[Opening THE DATA section]
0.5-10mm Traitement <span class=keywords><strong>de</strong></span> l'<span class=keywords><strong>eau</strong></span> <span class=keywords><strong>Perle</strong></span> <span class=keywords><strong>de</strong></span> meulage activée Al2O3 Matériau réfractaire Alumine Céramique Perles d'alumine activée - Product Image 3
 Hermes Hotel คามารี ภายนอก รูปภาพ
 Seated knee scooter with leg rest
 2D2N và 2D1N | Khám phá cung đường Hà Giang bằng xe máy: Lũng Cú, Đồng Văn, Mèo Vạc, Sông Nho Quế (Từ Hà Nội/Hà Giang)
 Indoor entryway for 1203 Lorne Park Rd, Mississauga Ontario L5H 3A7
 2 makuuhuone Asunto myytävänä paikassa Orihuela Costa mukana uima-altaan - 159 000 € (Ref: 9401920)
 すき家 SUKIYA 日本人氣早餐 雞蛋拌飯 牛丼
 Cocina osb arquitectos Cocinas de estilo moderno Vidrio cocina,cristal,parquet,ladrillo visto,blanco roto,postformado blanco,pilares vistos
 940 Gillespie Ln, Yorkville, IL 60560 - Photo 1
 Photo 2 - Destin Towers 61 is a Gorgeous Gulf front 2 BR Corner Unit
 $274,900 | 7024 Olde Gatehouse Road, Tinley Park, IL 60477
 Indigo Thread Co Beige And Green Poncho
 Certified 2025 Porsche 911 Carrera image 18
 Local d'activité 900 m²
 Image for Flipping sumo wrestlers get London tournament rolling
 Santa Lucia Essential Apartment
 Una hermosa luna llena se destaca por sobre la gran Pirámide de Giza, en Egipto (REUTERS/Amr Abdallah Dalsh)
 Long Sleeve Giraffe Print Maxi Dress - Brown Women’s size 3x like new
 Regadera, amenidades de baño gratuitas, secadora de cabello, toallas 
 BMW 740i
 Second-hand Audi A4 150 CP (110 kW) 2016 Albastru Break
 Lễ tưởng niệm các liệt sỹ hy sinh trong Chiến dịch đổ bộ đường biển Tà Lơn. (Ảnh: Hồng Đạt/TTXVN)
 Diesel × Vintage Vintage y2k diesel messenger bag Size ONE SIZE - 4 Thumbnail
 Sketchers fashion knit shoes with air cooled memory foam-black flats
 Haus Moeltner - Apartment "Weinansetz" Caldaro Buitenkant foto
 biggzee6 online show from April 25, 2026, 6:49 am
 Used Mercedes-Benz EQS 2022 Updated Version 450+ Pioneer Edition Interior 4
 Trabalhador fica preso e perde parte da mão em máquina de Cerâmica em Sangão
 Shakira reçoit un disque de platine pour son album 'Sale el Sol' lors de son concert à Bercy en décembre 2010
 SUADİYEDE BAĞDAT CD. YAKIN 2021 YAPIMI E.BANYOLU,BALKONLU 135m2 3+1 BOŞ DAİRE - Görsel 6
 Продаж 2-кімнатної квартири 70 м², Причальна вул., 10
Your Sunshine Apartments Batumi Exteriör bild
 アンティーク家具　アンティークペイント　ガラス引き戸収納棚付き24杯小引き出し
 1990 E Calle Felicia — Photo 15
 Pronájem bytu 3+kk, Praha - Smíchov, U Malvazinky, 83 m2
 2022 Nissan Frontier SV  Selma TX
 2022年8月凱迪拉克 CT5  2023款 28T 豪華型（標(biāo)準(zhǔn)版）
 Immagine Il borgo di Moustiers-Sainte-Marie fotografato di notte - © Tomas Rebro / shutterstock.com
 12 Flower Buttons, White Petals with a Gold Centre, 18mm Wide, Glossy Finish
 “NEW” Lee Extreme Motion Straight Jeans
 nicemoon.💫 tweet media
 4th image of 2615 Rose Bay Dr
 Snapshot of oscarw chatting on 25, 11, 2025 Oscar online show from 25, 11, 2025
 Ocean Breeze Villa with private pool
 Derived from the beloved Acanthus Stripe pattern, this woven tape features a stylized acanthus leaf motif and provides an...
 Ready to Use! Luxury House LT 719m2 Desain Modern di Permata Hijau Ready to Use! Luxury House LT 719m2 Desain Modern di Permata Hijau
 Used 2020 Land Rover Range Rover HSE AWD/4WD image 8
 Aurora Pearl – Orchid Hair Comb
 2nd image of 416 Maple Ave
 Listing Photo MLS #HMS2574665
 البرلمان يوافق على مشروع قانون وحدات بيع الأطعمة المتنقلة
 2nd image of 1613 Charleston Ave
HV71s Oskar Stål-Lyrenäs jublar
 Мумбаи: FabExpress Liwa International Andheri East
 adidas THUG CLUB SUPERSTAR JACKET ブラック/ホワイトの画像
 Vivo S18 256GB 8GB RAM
[Closing THE DATA section]
→ **YOUR INSTRUCTIONS**
Go over the data and return every line that includes the word "show".

→ **ANSWER BELOW**
 biggzee6 online show from April 25, 2026, 6:49 am
 Snapshot of oscarw chatting on 25, 11, 2025 Oscar online show from 25, 11, 2025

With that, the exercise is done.